The man from NASA arrived the next morning. Walter Igwe met him at the crash site.
"The agency would like to thank you, Mr. Igwe," the NASA man said, "for your quick response." It was plain he wasn't used to the savannah's heat. His temples ran slick with sweat.
"It is nothing, sir," Walter said. "And my village offers the agency our condolences."
"Appreciated, Mr. Igwe." He brushed an insect from his nose. "But ultimately it's just a setback." He laughed. "Albeit an expensive one."
Walter hid his disgust. A man was dead. Their man. Was nothing sacred in America?
"The main section," Walter said. "Your capsule fell over there."
They made their way over scorched ground. Seeing the blackened capsule again, Walter recalled pulling the Astronaut out of it. It had taken much to haul the corpse from that impossibly cramped space. Walter had felt like a midwife, of sorts.
The spacesuit had been perfectly white, its NASA symbol immaculate. Walter had half-believed--had prayed--the astronaut still lived. Yet the visor was smashed and behind it lay roast flesh and bare teeth. Nothing to be done.

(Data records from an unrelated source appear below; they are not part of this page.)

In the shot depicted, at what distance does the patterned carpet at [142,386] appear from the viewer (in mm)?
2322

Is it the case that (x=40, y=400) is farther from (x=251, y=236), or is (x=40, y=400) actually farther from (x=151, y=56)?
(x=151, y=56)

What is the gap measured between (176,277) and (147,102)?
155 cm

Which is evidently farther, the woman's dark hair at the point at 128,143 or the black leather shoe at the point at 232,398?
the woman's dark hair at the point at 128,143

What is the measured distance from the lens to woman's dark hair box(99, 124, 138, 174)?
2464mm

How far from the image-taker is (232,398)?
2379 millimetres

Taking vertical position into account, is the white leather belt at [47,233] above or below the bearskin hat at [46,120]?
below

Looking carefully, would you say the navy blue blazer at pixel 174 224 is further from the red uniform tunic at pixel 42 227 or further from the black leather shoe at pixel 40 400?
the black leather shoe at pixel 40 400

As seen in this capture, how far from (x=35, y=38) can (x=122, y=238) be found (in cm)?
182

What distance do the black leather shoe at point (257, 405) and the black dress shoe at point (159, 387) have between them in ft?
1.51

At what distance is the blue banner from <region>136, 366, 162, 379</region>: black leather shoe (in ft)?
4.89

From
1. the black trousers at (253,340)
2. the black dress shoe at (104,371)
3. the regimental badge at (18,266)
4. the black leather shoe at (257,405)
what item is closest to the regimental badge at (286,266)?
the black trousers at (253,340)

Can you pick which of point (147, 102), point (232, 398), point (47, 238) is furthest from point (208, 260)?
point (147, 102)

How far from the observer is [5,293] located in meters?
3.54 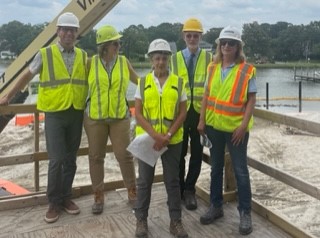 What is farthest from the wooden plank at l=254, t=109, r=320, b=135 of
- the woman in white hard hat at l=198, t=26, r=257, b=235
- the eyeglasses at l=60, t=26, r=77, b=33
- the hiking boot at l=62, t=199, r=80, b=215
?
the hiking boot at l=62, t=199, r=80, b=215

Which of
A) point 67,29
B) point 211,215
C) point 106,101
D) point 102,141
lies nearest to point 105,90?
point 106,101

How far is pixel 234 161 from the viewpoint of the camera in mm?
3848

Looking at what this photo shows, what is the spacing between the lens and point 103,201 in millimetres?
4492

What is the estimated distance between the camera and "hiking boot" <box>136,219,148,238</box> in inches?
150

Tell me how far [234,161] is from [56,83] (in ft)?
6.03

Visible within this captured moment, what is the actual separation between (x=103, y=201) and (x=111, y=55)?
1.56m

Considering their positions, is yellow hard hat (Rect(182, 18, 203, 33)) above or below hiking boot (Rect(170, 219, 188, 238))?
above

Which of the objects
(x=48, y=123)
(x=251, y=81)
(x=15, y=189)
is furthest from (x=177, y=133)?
(x=15, y=189)

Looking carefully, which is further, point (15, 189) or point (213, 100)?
point (15, 189)

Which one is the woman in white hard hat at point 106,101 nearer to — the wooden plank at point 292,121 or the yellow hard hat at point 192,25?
the yellow hard hat at point 192,25

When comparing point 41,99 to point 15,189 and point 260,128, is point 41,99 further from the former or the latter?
point 260,128

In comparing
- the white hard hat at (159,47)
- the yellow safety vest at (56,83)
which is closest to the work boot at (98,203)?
the yellow safety vest at (56,83)

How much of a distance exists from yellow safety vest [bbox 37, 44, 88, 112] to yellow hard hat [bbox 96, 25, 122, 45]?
33 centimetres

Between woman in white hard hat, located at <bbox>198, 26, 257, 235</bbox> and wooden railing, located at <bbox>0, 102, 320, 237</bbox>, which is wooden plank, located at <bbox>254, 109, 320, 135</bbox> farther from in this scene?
woman in white hard hat, located at <bbox>198, 26, 257, 235</bbox> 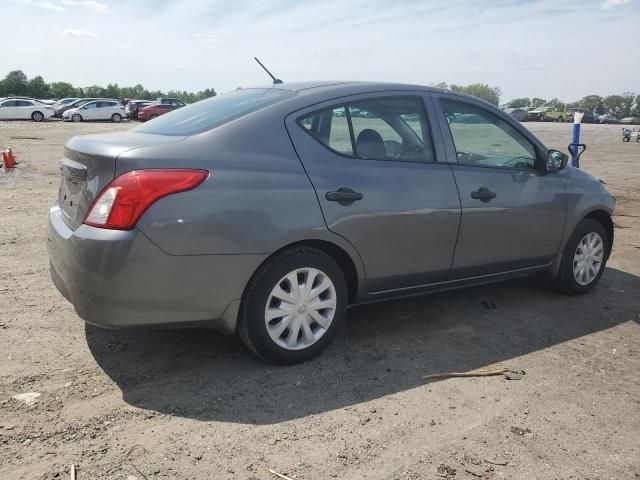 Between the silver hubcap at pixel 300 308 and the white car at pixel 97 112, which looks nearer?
the silver hubcap at pixel 300 308

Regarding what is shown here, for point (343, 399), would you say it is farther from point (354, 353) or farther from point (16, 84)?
point (16, 84)

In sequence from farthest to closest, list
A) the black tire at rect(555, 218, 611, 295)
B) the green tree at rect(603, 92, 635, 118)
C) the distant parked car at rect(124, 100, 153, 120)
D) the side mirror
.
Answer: the green tree at rect(603, 92, 635, 118), the distant parked car at rect(124, 100, 153, 120), the black tire at rect(555, 218, 611, 295), the side mirror

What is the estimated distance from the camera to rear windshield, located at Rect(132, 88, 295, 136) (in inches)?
141

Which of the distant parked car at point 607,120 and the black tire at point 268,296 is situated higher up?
the distant parked car at point 607,120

The NASA man spent the next two hours inspecting every piece of wreckage. He would look at some burnt device and mutter, "Write off," then move to the next.

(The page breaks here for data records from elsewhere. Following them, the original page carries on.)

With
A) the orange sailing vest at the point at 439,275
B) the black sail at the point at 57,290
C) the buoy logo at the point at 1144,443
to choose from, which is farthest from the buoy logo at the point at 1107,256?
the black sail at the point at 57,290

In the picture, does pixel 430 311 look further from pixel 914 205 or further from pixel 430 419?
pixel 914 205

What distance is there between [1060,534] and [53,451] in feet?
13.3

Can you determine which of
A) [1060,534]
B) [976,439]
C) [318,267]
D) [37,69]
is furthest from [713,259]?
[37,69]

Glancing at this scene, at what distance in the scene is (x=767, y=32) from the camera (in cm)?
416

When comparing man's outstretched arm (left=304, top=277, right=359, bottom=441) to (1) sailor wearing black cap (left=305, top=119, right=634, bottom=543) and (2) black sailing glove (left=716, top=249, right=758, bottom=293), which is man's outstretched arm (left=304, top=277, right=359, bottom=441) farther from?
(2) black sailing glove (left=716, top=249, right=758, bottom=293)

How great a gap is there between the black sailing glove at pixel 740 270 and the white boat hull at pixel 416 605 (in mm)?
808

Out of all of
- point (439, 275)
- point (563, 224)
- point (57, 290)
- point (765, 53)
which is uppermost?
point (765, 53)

Walter said nothing, but his hands were fists.
"You will come to the village now?" he asked the NASA man after he'd finished his inspection.
"I'd love to, really I would," he replied, "but they expect me back at your capital."

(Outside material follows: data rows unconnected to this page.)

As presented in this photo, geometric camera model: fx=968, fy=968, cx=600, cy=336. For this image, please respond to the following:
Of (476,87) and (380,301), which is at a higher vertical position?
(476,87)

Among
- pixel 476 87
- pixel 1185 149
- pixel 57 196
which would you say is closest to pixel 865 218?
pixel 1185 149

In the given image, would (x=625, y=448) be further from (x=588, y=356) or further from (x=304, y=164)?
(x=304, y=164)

"But he's there, in my village. We have kept him in our refrigerator unit for you."
The NASA man's brow crumpled.
"I don't get you," he said.
"Damn it, sir! Your man, your astronaut!"
"But, Mr. Igwe…" he gestured at the wreckage. "This is a satellite. It's unmanned."
The two men stared at one another. Save for the hum of insects, the world fell silent.
The End
This story was first published on Thursday, January 26th, 2012


The bare bones of this tale leaped out at me as I walked home from a twelve hour night shift. Never underestimate the combined value of sleep deprivation, long strolls and a notebook about your person.